The technique discussed in this article can sometimes be used to undermine a competitor’s U.S. patent application—even to the extent of preventing its issuance altogether.  That can happen either in the pre-interference stage (by inducing the examiner handling the competitor’s application to enter rejections of the claims in the competitor’s application which the competitor’s counsel is unable to overcome) or in the interference itself (by obtaining a judgment that the competitor’s claims are unpatentable on any ground that would be available as a defense in patent infringement litigation—including, but not limited to, priority).   
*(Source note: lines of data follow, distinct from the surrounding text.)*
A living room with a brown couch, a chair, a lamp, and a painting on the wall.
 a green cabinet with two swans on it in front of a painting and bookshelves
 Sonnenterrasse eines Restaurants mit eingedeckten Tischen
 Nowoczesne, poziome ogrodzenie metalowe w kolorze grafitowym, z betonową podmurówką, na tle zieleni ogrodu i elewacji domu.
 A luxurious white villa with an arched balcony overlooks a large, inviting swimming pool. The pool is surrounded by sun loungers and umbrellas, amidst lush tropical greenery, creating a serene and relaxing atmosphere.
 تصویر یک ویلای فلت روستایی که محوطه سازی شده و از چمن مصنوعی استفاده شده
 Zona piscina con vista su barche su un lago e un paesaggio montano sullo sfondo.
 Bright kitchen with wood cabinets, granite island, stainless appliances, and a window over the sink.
[1] 81 PTCJ at 771; emphasis supplied.

[2] 81 PTCJ at 770.

[3] 81 PTCJ at 770.

[4] Or patent.  However, this article is focusing on what Messrs. Robinson and Haq call “imped[ing]” a competitor’s application, not on “taking down” a competitor’s patent.

[5] It is, however, far less expensive than waiting for the competitor’s patent to issue and then defending an infringement action based on that patent—and, of course, if the company has a decent invalidity or unenforceability defense, it is probably preferable to argue it to the tech-savvy APJs in a motion for a judgment of unpatentability than it is to argue it to a lay jury as an invalidity defense.  Not only are the APJs more likely to understand the argument, but the company’s burden of proof in the interference is only the preponderance of the evidence, not clear-and-convincing evidence.

[6] Regrettably, many examiners are extremely reluctant to recommend the declaration of an interference.  Some employ techniques to avoid recommending the declaration of an interference ranging  from simply not acting on the suggestion of interference to imposing a lengthy series of increasingly weak rejections.

[7] See Gholz, Prosecution of Targeting and Targeted Applications Before the Same Examiner, 17 Intellectual Property Today No. 2 at page 22 (2010).

[8] Opposing counsel could attempt to so construe what one has done in employing the technique discussed in this article either in the interference, if one is ultimately declared, or, perhaps more importantly, in a complaint filed with the Office of Enrollment and Discipline.